Revecy venir du printemps,
l’amoureus’et bele saison.

Le courant des eaux recherchant
Le canal d’été s’éclaircit,
Et la mer calme de ces flots
Amollit le triste courroux.
Le canard s’egaye plongeant,
Et se lave coint dedans l’eau;
Et la grue qui fourche son vol,
Retraverse l’air et s’en va.

Le soleil éclaire luisant
D’une plus sereine clairté;
Du nuage l’ombre s’enfuit,
Qui se joue et court et noircit,
Et forêts et champs et coteaux.
Le labeur humain reverdit,
Et le pré découvre ses fleurs.

De Venus le fils Cupidon
l’univers semant de ses traits,
De sa flamme va réchaufer
Animaux qui volent en l’air,
Animaux qui rampent aux champs,
Animaux qui nagent aux eaux.
Ce qui mêmement ne sent pas,
Amoureux se fond de plaisir.

Rions aussi nous et cherchons
Les ébats et jeu du printemps.
Toute chose rit de plaisir
Célébrons la gaye saison.



Lo stesso brano adattato per ottoni e eseguito dal Saxon Brass Quintet.

Siate alla pugna accorti

Giovanni Giacomo Gastoldi (c1555 - 4 gennaio 1609): Amor vittorioso, «balletto» (madrigale) a 5 voci (1591).
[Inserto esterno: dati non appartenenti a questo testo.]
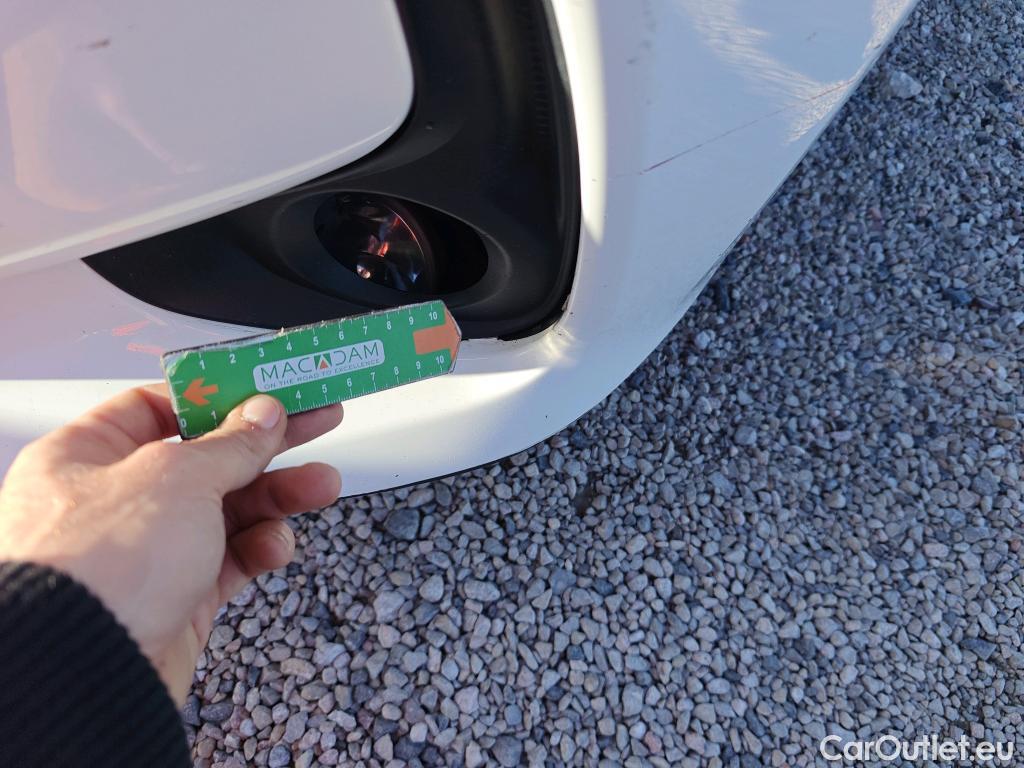  Toyota  Yaris TOYOTA  / 2020 / 5P / berlina con portón 1.5 120H Active Tech #57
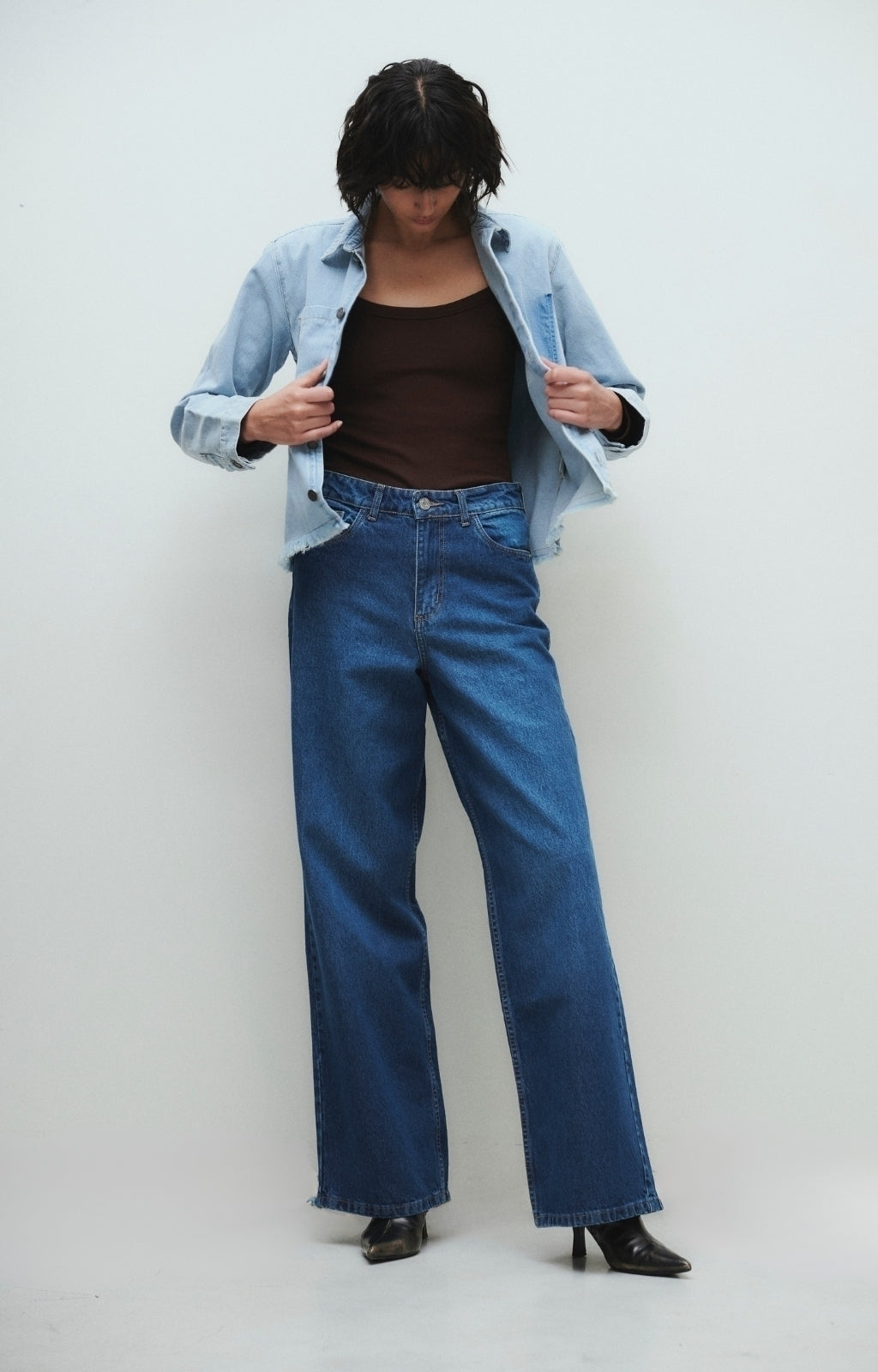 CAMPERA CROP DENIM CELESTE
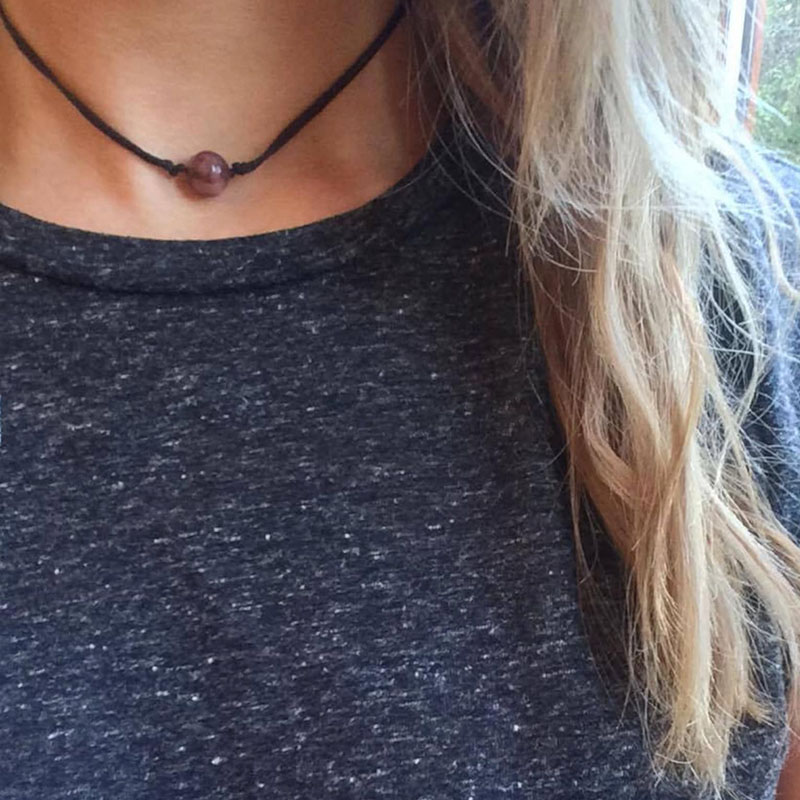 Rhodonite Gemstone Choker, Gru - огляд і ціна Yoga Fitness Tracker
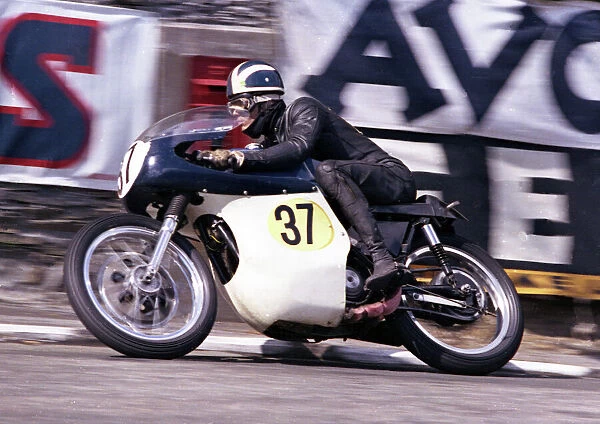 Peter Williams (Norton) 1966 Senior TT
Ensemble Les Voix Animées.

Tutti venite armati
O forti miei soldati.
Fa la la.
Io son l’invitt’Amore
Giusto saettatore.
Non temete punto,
Ma in bella schiera uniti,
Me seguitate arditi.
Fa la la.

Sembrano forti heroi
Quei che son contra voi.
Ma da chi sa ferire,
Non si sapran schermire.
Non temete punto,
Ma coraggiosi e forti,
Siat’ a la pugna accorti.

[Lieti hor movete il piede,
Che vostre sian le prede.
Hor via feriam lo sdegno
Ch’ei de la vita è indegno.
Non temete punto,
Eterna sia la gloria
E certa è la vittoria.

Già morto giace in terra
Chi ci avea mosso guerra.
Or gli altri suoi seguaci
Tutti assaliamo, audaci.
Non temete punto:
Ecco ch’i non estinti
Fuggon già sparsi e vinti.]


Lo stesso brano in una reboante versione solo strumentale. Ensemble Tibicines, dir. Igino Conforzi.